**DATA IN THIS EXERCISE**
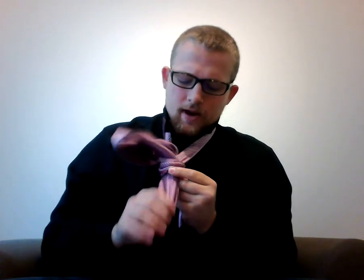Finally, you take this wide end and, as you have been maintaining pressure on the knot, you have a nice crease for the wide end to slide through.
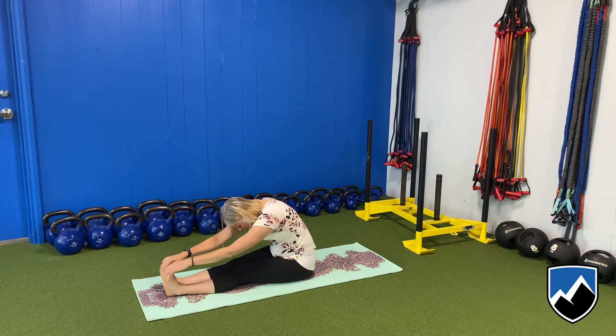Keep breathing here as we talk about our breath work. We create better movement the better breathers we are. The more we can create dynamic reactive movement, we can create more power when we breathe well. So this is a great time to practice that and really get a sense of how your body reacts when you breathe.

* * *

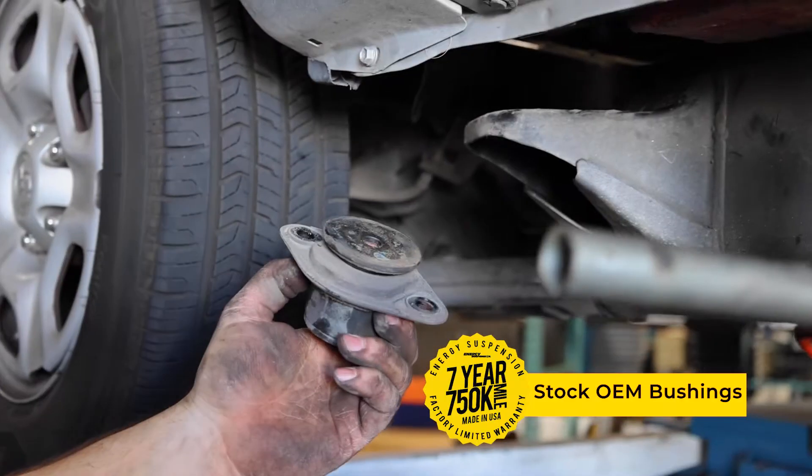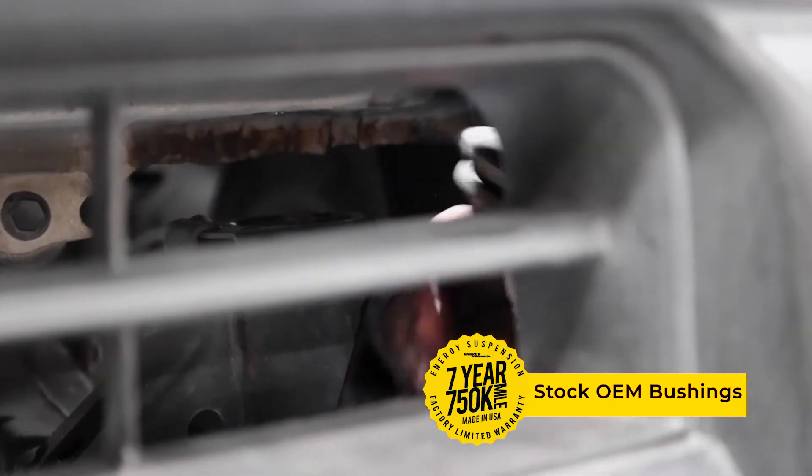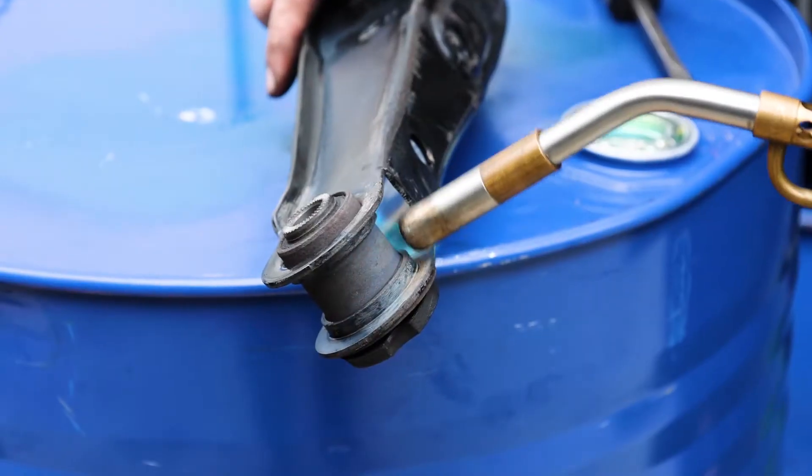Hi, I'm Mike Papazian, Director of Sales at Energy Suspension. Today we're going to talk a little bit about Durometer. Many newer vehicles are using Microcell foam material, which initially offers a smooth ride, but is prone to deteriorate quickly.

**WORK TASK**
Working from the records above, set down word for word everything from the line containing "Finally, you take" down to the line containing "Keep breathing here", ends included, minus the pictures.

**ANSWER FOR THIS EXERCISE**
Finally, you take this wide end and, as you have been maintaining pressure on the knot, you have a nice crease for the wide end to slide through.
Keep breathing here as we talk about our breath work. We create better movement the better breathers we are. The more we can create dynamic reactive movement, we can create more power when we breathe well. So this is a great time to practice that and really get a sense of how your body reacts when you breathe.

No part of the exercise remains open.